Personally, I think that Commodore would have evolved into something resembling BeOS, and I wouldn't be surprised if a lot of the same people were involved. Be's demise is a far greater tragedy than Commodore's downfall.
posted by schmod at 10:15 AM on February 16, 2015 [3 favorites]


The C64 was such a good home computer, with such a vast pool of software, that Commodore wasn't able to get people to upgrade to newer technology as it became available.

Meh. You could say the same thing about the Apple ][ line (and, admittedly, Apple did have that problem).

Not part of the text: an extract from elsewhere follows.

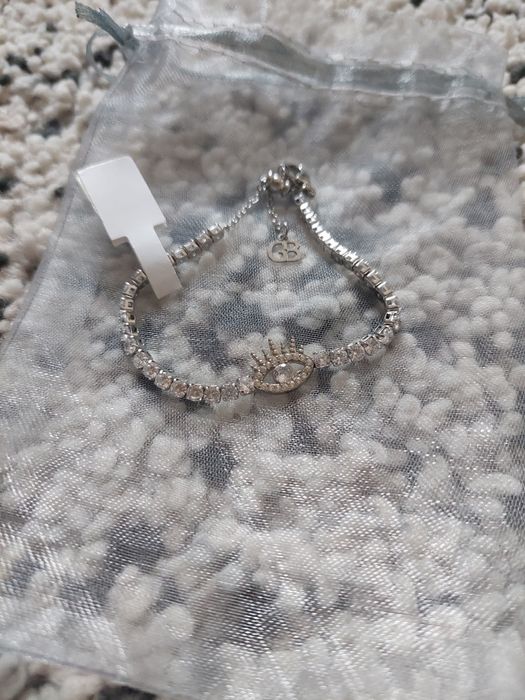 Pulseira prateada em aço nova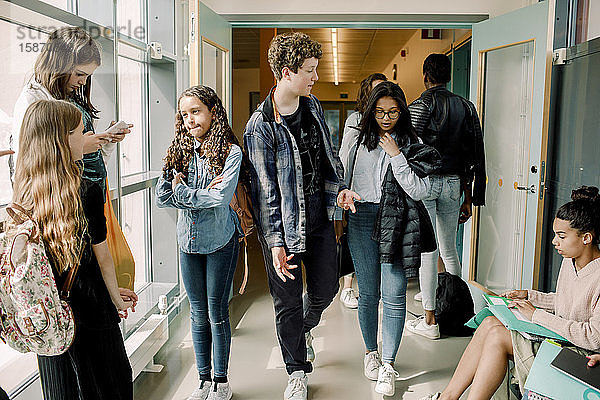 Männliche und weibliche Schüler in der Mittagspause im Schulkorridor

However, Apple managed to work their way out of it, although it sure is interesting that Apple and Commodore both managed to make almost the exact same set of mistakes throughout the 80s -- they both had a "good enough" consumer product with no clear/affordable replacement or upgrade path, and ended up creating/maintaining several parallel platforms that were targeted at identical market segments, and ultimately flopped due to high costs and sloppy marketing.

Apple, Commodore, and NeXT had no clue who they wanted their customers to be, even though each already had a solid base of customers that they could have expanded organically...
posted by schmod at 10:22 AM on February 16, 2015


Reading this makes me wonder about the internal politics of Commodore more than anything. I mean, Commodore had a unibody, integrated 3.5" floppy drive successor to the 64/128/16/+4 line: The Amiga 500/600/1200. Commodore released the 500 in 1987 and was iterating on that end of the line until the early '90s.

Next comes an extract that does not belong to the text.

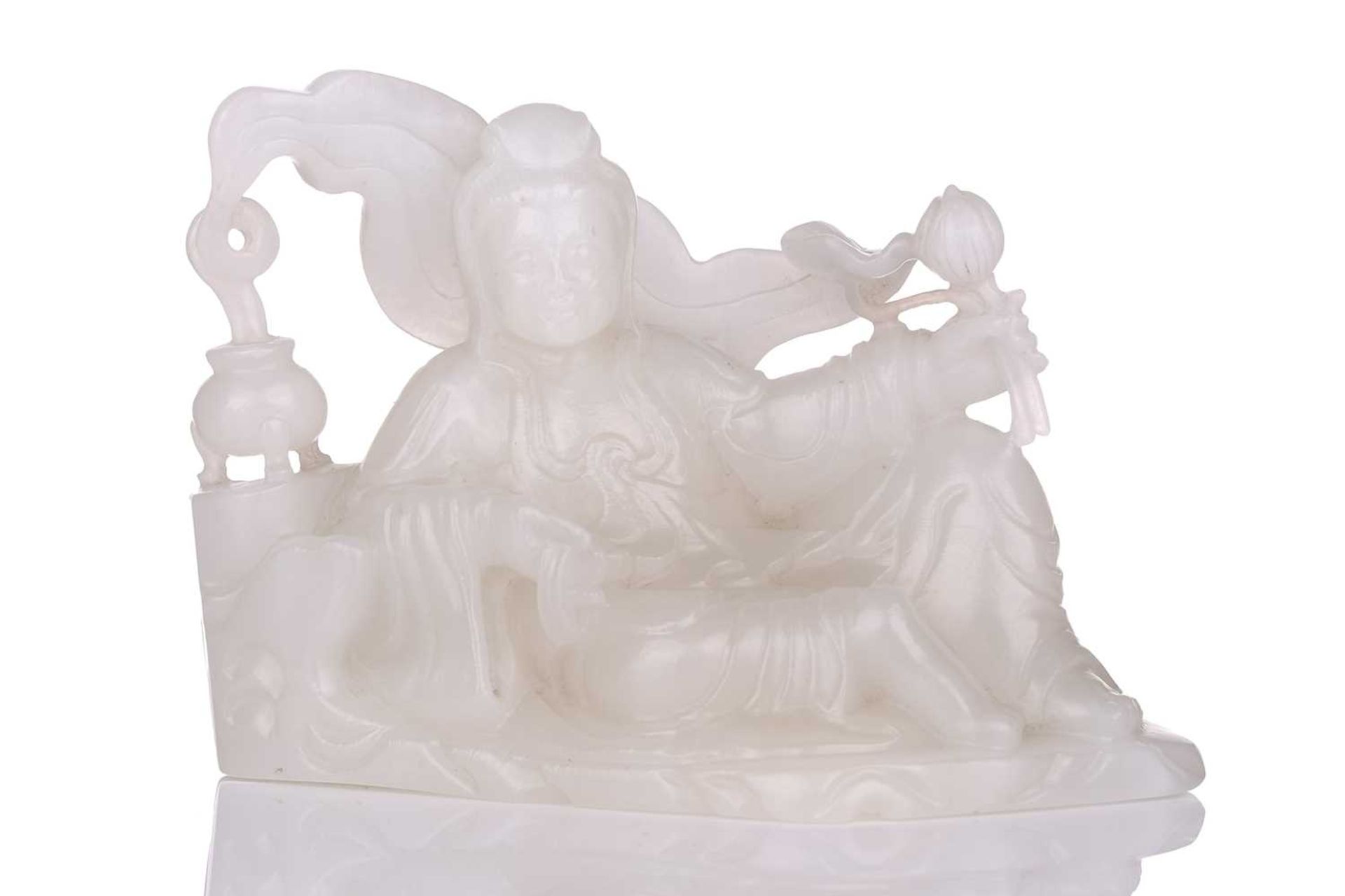 A Chinese white jade figure of Guanyin, seated in a recumbent pose with lotus flower in her left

I remember Commodore managing the two lines (64 et al vs. Amiga) as completely parallel universes. And they floundered around with the C16 and Plus 4 (which felt like ways to either position the C16 as the "mini" end of the line or funnel utilitarian business users into the Plus 4 with its integrated "business apps.")

It seems like the grand unified product theory for Commodore could have been "settle on a single 'mini' down at the introductory end, then fill out the Amiga product line, and spackle the differences over with an emulation layer for the Amigas that allowed for those mini people to graduate."

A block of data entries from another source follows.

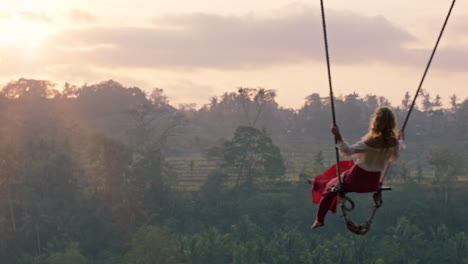 Mujer-Viajera-Balanceándose-Sobre-La-Selva-Tropical-Al-Amanecer-Turista-Sentada-En-Un-Columpio-Con-Vista-Panorámica-Disfrutando-De-La-Libertad-En-Vacaciones-Divirtiéndose-Estilo-De-Vida-De-Vacaciones-En-Cámara-Lenta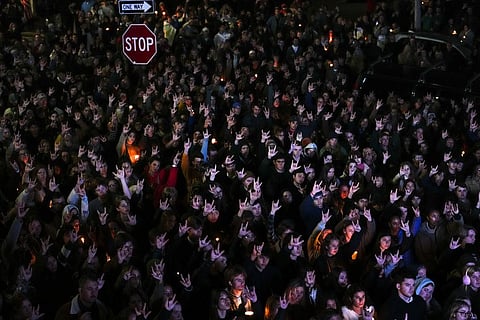 People gathered at a vigil for the victims of the Maine shootings.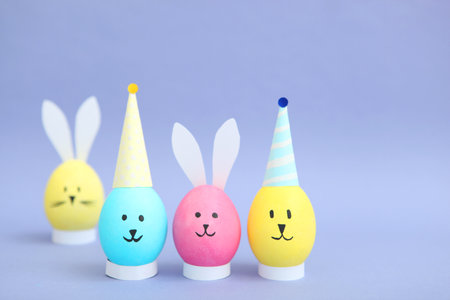 Easter eggs with cute faces and ears on a colored background.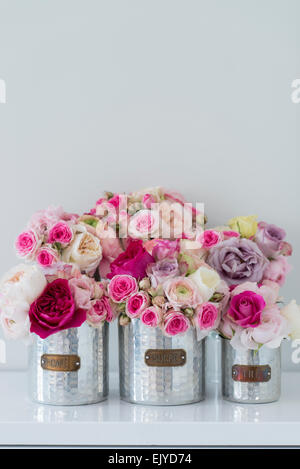 Bouquets of roses and ranunculus in tin containers in Paris apartment Stock Photo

The 65 seems anchored in a mindset that the 64/128/16/Plus 4 line should have continued to be anything other than an evolutionary dead end better used to loss-lead people into becoming home computer users at all.
posted by mph at 10:24 AM on February 16, 2015


CBM's business model was based on owning (or having a really close relationship) with the fabs that made their silicon. Once computers got too complex for small teams to design all the chips, Commodore's model didn't scale.

Looks like a 1985-vintage Amstrad CPC664, or a 1987 ZX Spectrum +3. A little too little, a little too late.
posted by scruss at 10:26 AM on February 16, 2015


I saw the stuff on this last night and considered making a post about it myself. Particularly, I read through some of that 660K document.

The copyright notice on the manual is 1991. For context, the Commodore Amiga, a 16-bit computer based on the Motorola 68000 running at 7 mHz, came out in 1985. PC clones running DOS ruled the roost. Microsoft Windows 3.1, the beginning of the Windows hegemony, was released in 1992. The C65 would have been an 8-bit machine capable of running at a top speed of 3.5 mHz, and with 128K of memory. While the 6502 processor family isn't as underpowered as you'd think it'd be (in the 80s they were used all over the place: many home computers like C64, Apple II and Atari 8-bit, game consoles including the Atari VCS/2600 and NES, and arcade games, and ideas behind the 6502 design form the basis of the popular ARM architecture), it was still grievously underpowered for 1991. I like the ol' Commie as much, or even more, than anyone, but that wasn't flying in that year, which is probably why development was abandoned.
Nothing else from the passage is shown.